Aim of the task — Please give the lines below again exactly as they stand, from the one that contains "Full view of" up to and including the one that contains "6523 Emmet St, Omaha, NE", leaving all pictures out.

Dataset extract —
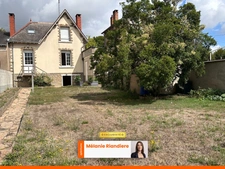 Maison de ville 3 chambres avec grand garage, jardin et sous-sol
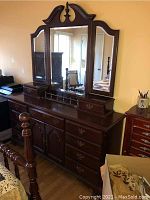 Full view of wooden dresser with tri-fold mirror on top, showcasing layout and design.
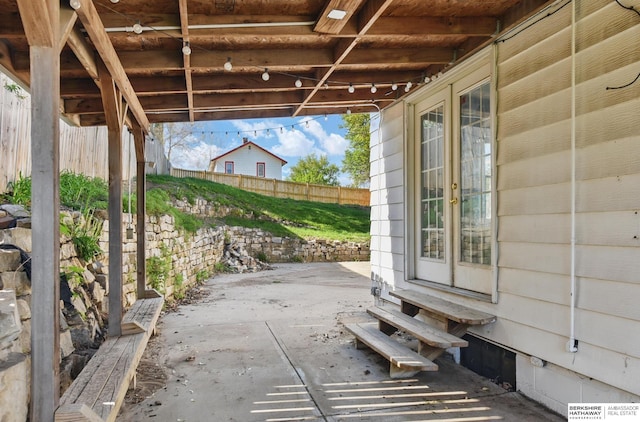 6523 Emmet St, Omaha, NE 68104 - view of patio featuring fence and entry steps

...

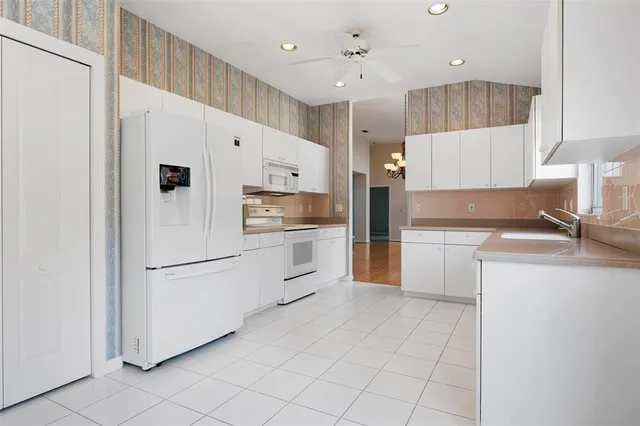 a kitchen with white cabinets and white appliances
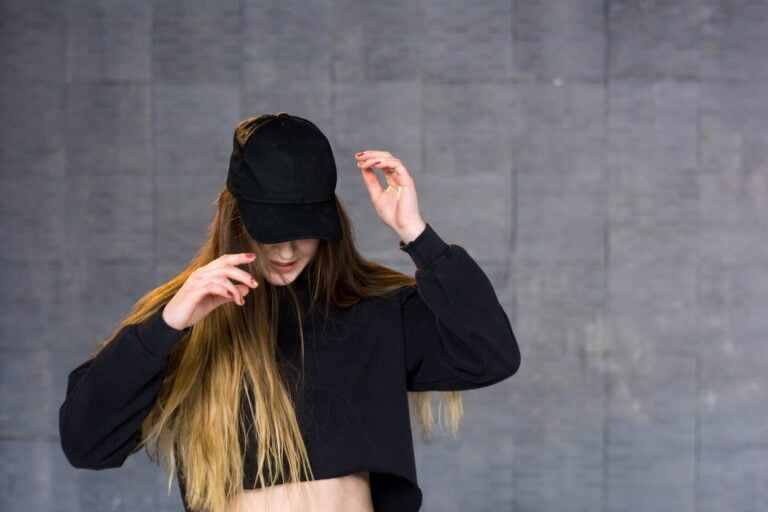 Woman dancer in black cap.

Expected output —
 Full view of wooden dresser with tri-fold mirror on top, showcasing layout and design.
 6523 Emmet St, Omaha, NE 68104 - view of patio featuring fence and entry steps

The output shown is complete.